Font Awesome is a truly great collection of icons that can be easily deployed with a simple CSS or JS include. A ton of work has gone into it to make it as small as possible and they’ve even encouraged use of things like subresource integrity which is just great to see. Font Awesome is truly awesome.
I guess to be fair, I don’t actually hate Font Awesome, I hate that people use it blindly.
Once again, if you don’t know me, I’m a penny pincher when it comes to HTTP requests, DNS lookups and bytes crossing the wire. When someone says “pull the data in with AJAX” I say “can you just inline the data on the server-side in a JS block?” When someone else says “here’s how to do something with jQuery” I’ll always come back with the vanilla JS version. Just load the jQuery from a CDN because the user might have it cached already? Nope, I’d rather host myself. One less DNS lookup and TLS handshake to worry about, not to mention a potential point of failure.
Back to Font Awesome, including it the way that most people blindly use it you’ll end up with a minimum of two calls, one for the CSS and one for one of the font files. But, how I usually see it is that someone wants a Twitter icon, and exclamation mark, and a check mark, which, if you don’t already know actually causes three font files to download! The Twitter logo is part of the brand fonts, the exclamation mark is solid fonts and the check mark is part of the regular fonts. In total you’ve added 150 KB to the page, just for those three icons that could have been inlined for probably 2 or 3 KB (and that’s not counting compression.)
Now, if you don’t care about 150 KB on your initial request, that’s fine, I’m not judging you. But 150 KB for X plus another 100 KB for Y starts to add up over time. And sites never shrink over time, they always grow. Tomorrow or next week or next year you’ll add a new feature which adds another 100 KB for feature Z.

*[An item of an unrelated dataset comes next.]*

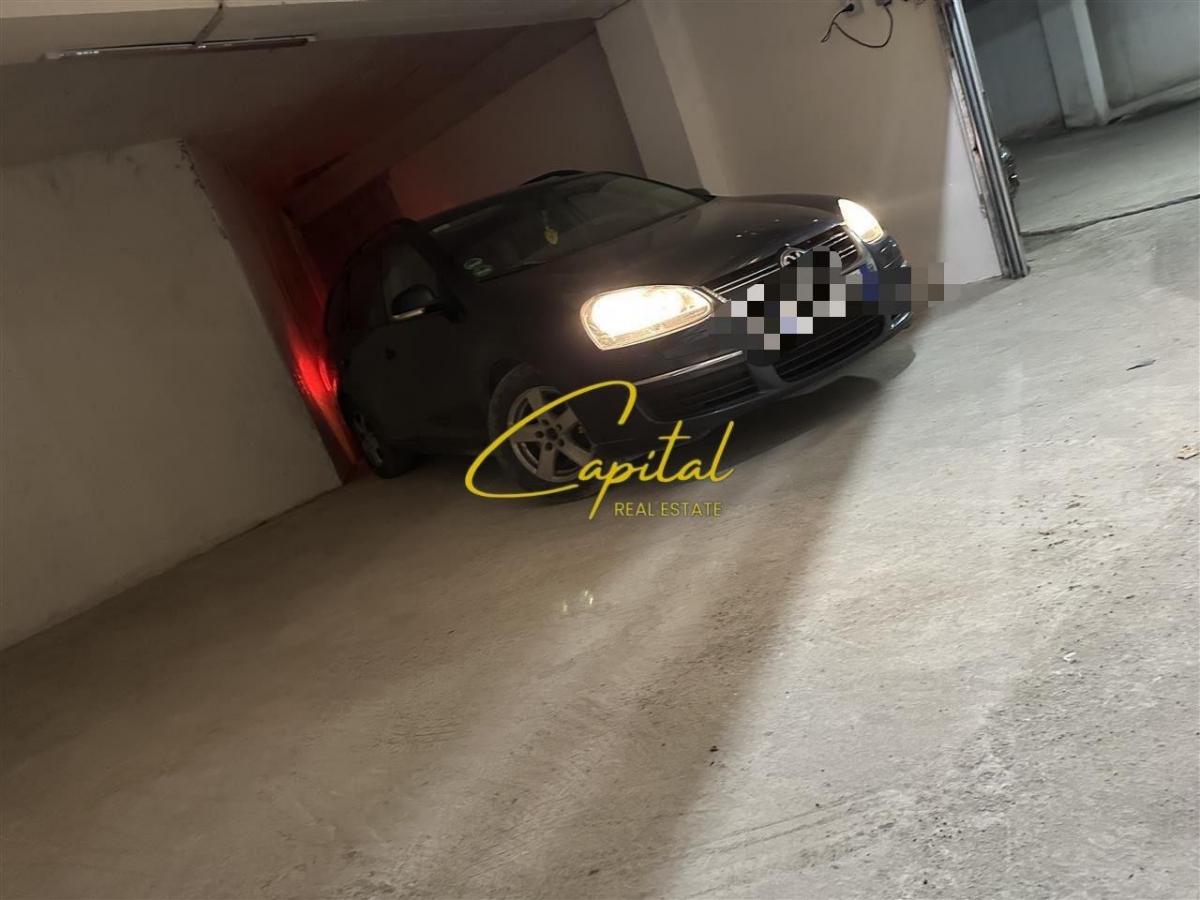 Shiten 2 poste parkimi 16 m2 ali demi 35.000 euro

My further hatred of how people use it, and you’ll see this very often in the WordPress world, is that every plugin requests their own copy of Font Awesome, some on version 4, some on version 5, so you end up with multiple downloads of Font Awesome. On a recent site we audited we found 500 KB of Font Awesome data on the home page! That’s half of a megabyte! For icons!
Anyone still reading? Probably not.
I just had to say something, it was bugging me. Font Awesome is a great way to get started for fast designs. It is also a great tool if you have dynamic or unknown data entering your site that you need to support. And further, if you defer or lazy load things you can ease the burden even more. But just don’t use it blindly.
On the off-chance that someone actually reads this I turned comments off because I don’t care, I just wanted to rant.